▶ _Brief_
Go through the data below. List every line that holds the word "short".

▶ _Supplied records_
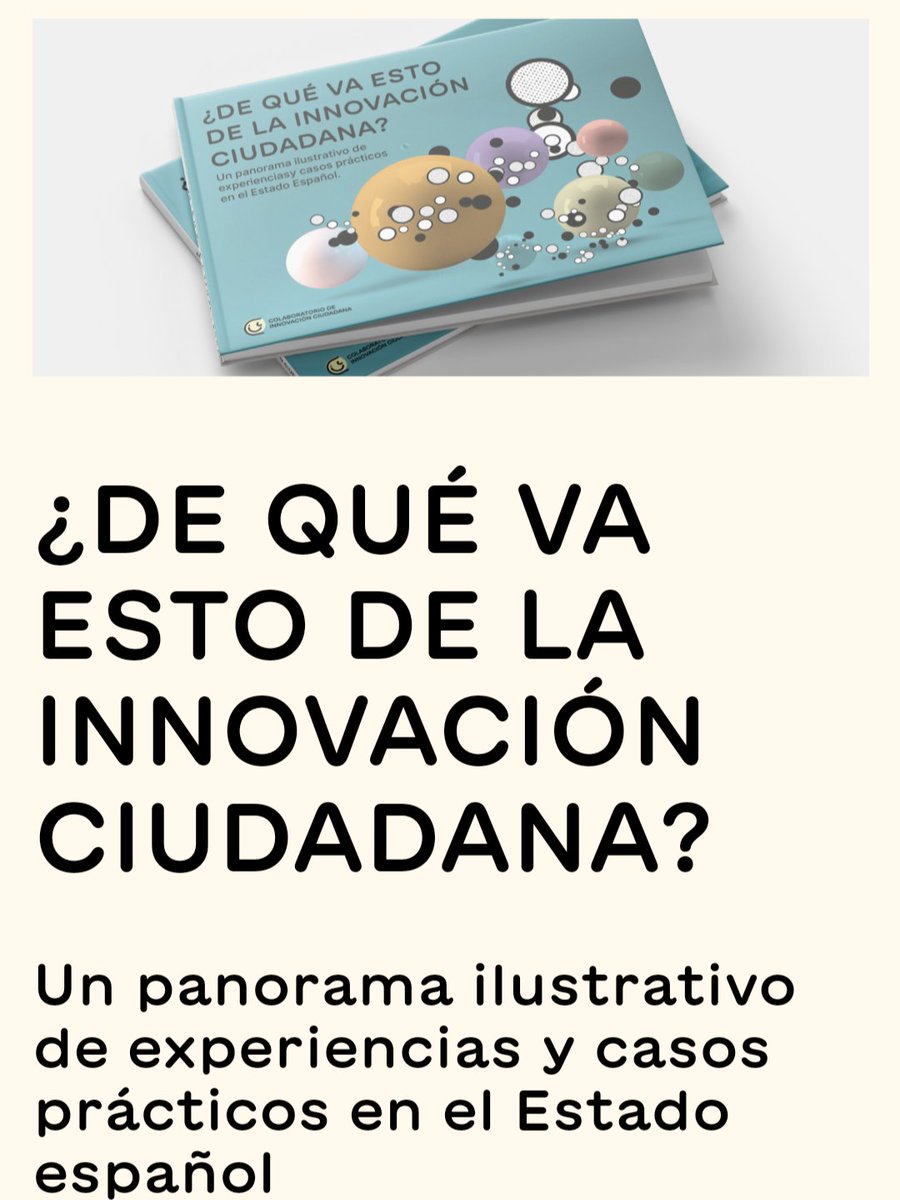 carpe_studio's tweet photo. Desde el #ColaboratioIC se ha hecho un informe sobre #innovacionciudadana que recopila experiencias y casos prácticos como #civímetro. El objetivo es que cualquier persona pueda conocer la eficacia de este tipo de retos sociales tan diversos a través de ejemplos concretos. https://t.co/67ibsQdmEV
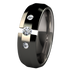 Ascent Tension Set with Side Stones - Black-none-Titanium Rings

* * *

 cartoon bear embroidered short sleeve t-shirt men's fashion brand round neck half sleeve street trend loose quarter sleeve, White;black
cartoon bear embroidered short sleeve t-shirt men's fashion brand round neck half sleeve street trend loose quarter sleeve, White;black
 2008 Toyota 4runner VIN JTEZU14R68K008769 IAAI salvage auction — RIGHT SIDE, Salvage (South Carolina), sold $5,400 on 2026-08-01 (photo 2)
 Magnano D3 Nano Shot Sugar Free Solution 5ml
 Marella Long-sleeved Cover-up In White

* * *

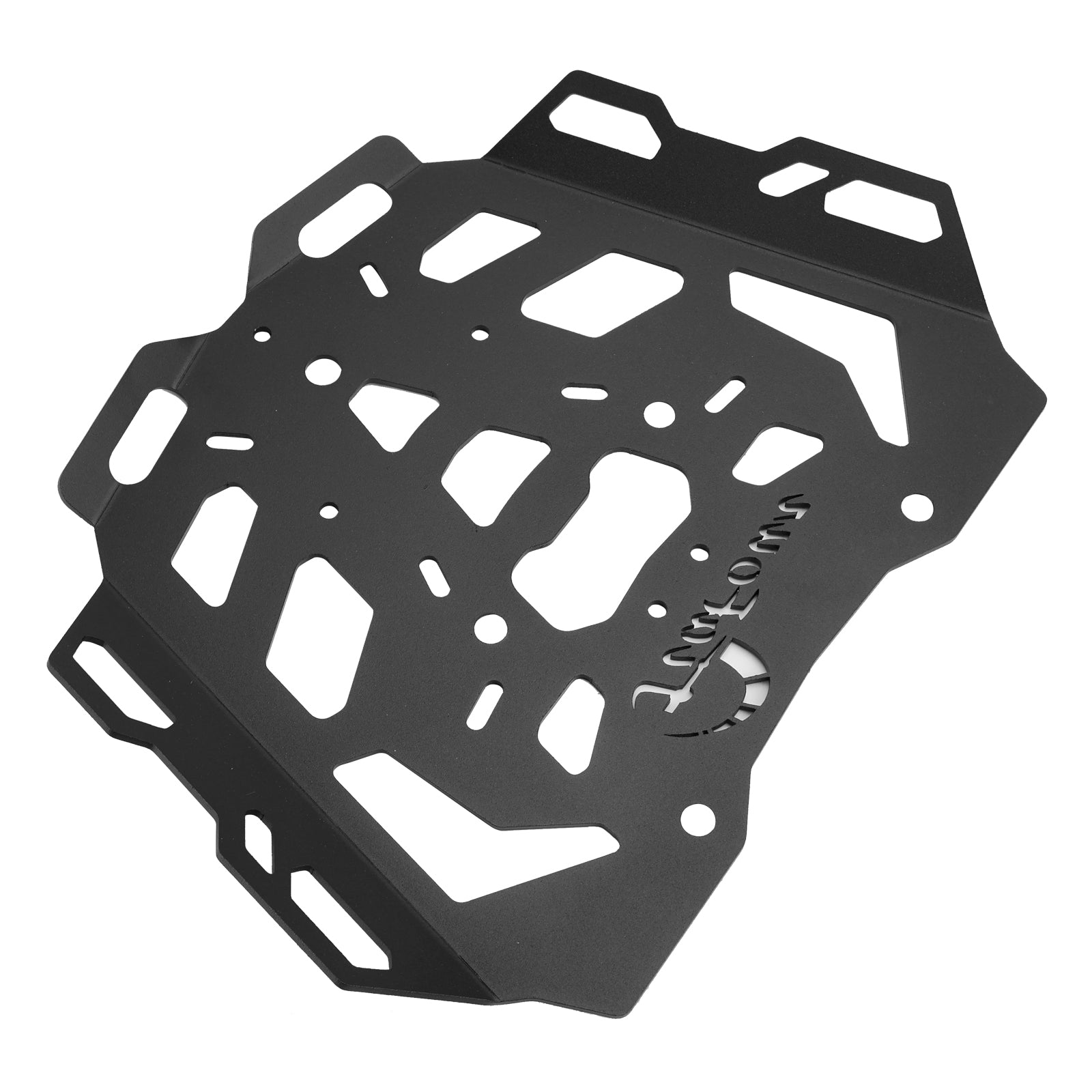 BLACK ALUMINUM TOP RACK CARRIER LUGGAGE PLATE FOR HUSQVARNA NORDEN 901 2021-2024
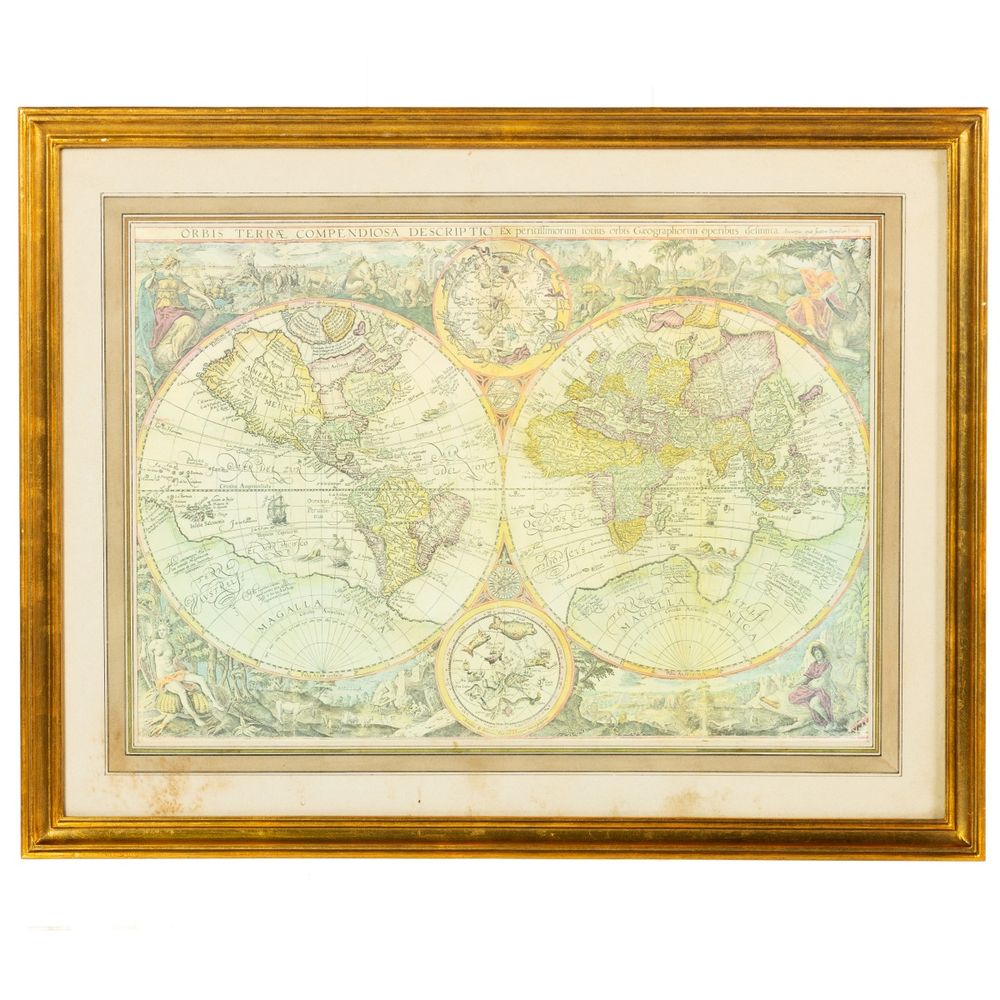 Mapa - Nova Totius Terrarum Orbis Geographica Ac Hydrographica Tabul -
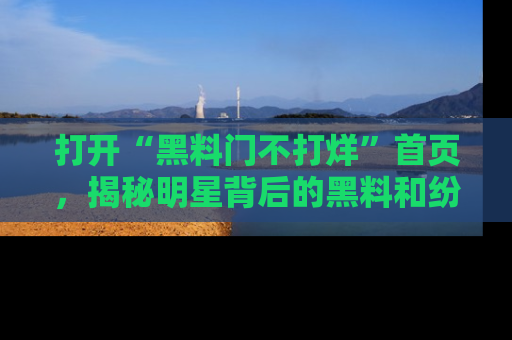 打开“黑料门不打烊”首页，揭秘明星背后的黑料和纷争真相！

▶ _The answer_
 cartoon bear embroidered short sleeve t-shirt men's fashion brand round neck half sleeve street trend loose quarter sleeve, White;black
cartoon bear embroidered short sleeve t-shirt men's fashion brand round neck half sleeve street trend loose quarter sleeve, White;black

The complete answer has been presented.